ACTIVITY
Without the pictures, write the listing out again exactly as it appears.

DATASET CONTENT
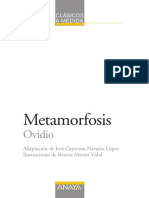 Ovidio Metamorfosis PDF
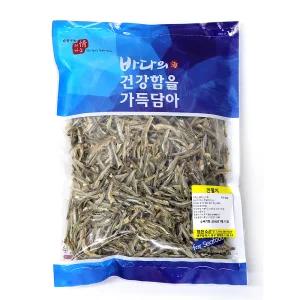 [대천전통맛김] 손질(깐)멸치 300g / 남해 조림 및 마른 안주 멸치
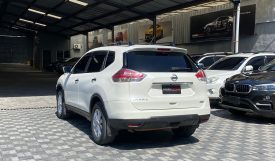 Nissan X-trail 2015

WRITTEN SOLUTION
 Ovidio Metamorfosis PDF
 [대천전통맛김] 손질(깐)멸치 300g / 남해 조림 및 마른 안주 멸치
 Nissan X-trail 2015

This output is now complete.